(INPUT MATERIAL)
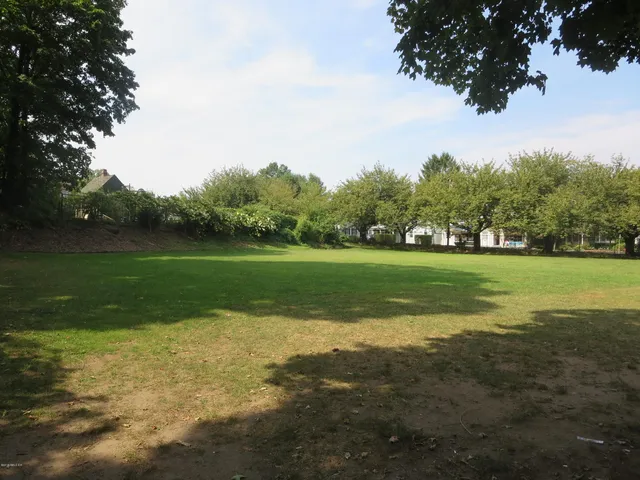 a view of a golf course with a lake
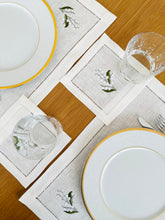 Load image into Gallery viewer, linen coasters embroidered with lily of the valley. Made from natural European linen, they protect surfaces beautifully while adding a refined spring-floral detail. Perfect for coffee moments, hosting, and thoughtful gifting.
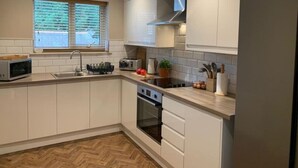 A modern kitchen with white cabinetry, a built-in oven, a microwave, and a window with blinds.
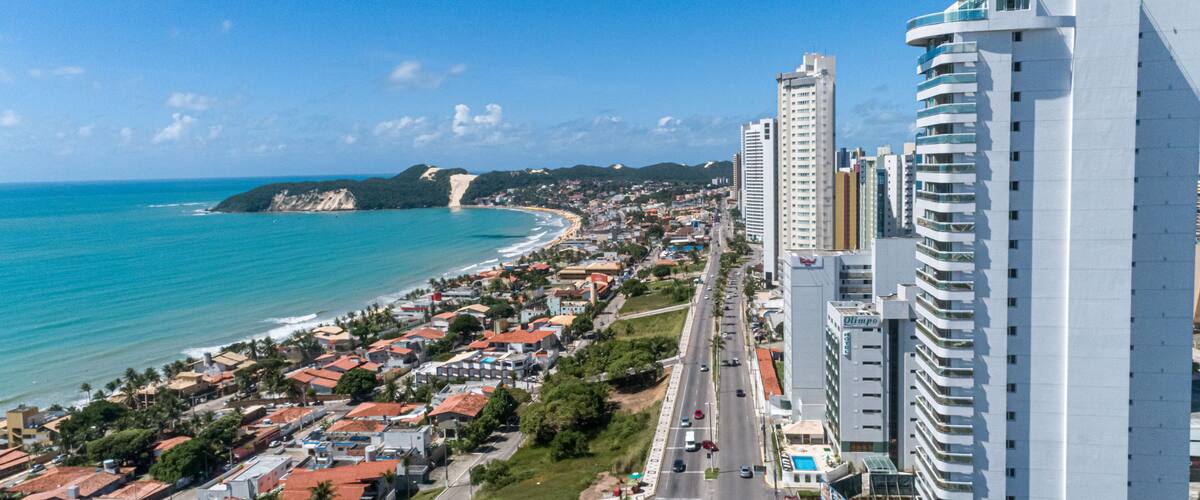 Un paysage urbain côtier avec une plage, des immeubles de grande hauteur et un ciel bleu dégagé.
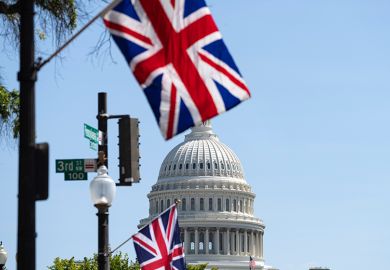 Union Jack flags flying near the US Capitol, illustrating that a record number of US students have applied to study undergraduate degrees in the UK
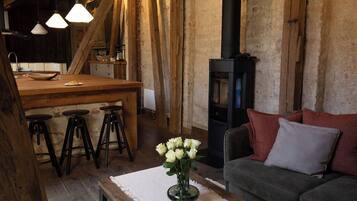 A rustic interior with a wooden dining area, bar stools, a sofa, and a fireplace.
(End INPUT MATERIAL)
(INPUT MATERIAL)
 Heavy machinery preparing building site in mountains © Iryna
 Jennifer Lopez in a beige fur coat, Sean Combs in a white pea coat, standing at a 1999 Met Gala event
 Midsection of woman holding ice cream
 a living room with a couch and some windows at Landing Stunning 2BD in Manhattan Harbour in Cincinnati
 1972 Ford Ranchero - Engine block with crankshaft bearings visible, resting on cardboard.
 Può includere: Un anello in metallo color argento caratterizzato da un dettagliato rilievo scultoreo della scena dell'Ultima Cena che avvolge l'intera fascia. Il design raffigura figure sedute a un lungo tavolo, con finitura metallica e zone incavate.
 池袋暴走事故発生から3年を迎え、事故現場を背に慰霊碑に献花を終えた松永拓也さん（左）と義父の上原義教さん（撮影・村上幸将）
(End INPUT MATERIAL)
(INPUT MATERIAL)
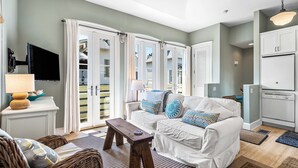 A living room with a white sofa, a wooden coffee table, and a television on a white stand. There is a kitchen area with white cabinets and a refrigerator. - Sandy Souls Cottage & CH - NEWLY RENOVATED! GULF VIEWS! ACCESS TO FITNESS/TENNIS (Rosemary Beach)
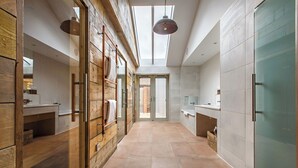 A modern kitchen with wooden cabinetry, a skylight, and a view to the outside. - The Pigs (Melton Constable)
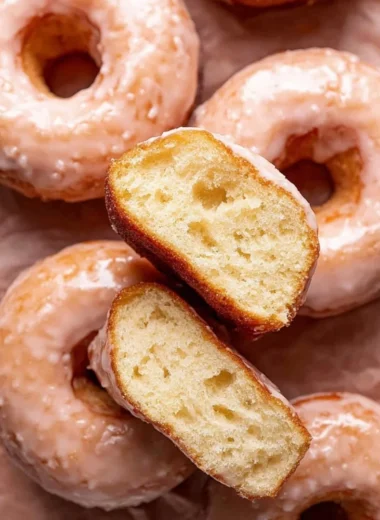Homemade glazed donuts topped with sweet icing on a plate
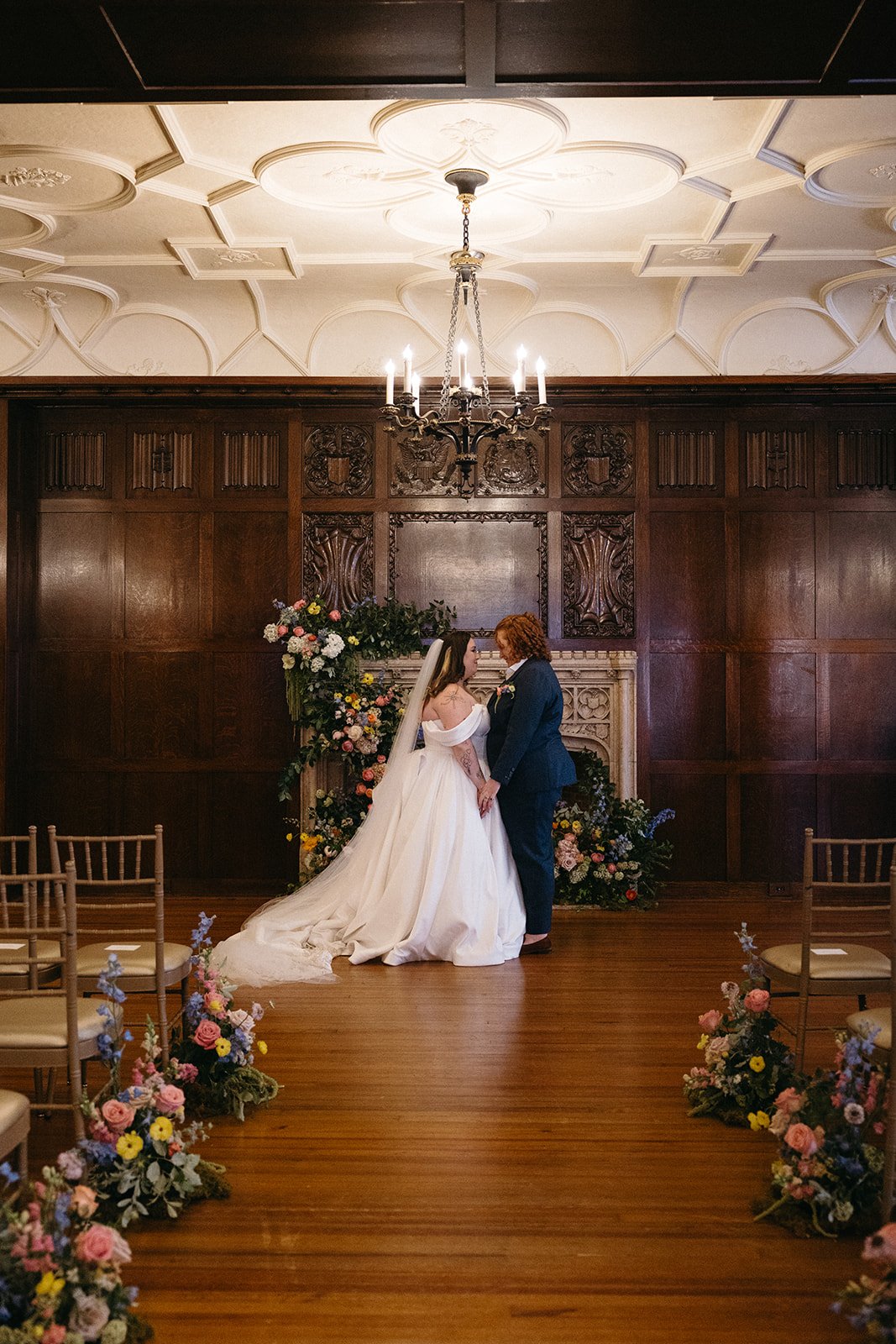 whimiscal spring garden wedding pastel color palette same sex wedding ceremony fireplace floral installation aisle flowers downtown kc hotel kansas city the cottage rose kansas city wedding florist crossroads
(End INPUT MATERIAL)
• WORK ITEM
Repeat exactly the stretch of the listing above that starts with the line holding "a view of a golf course with a lake" and finishes with the line holding "Un paysage urbain", both included. Skip every picture.

• ANSWER BELOW
 a view of a golf course with a lake
 Load image into Gallery viewer, linen coasters embroidered with lily of the valley. Made from natural European linen, they protect surfaces beautifully while adding a refined spring-floral detail. Perfect for coffee moments, hosting, and thoughtful gifting.
 A modern kitchen with white cabinetry, a built-in oven, a microwave, and a window with blinds.
 Un paysage urbain côtier avec une plage, des immeubles de grande hauteur et un ciel bleu dégagé.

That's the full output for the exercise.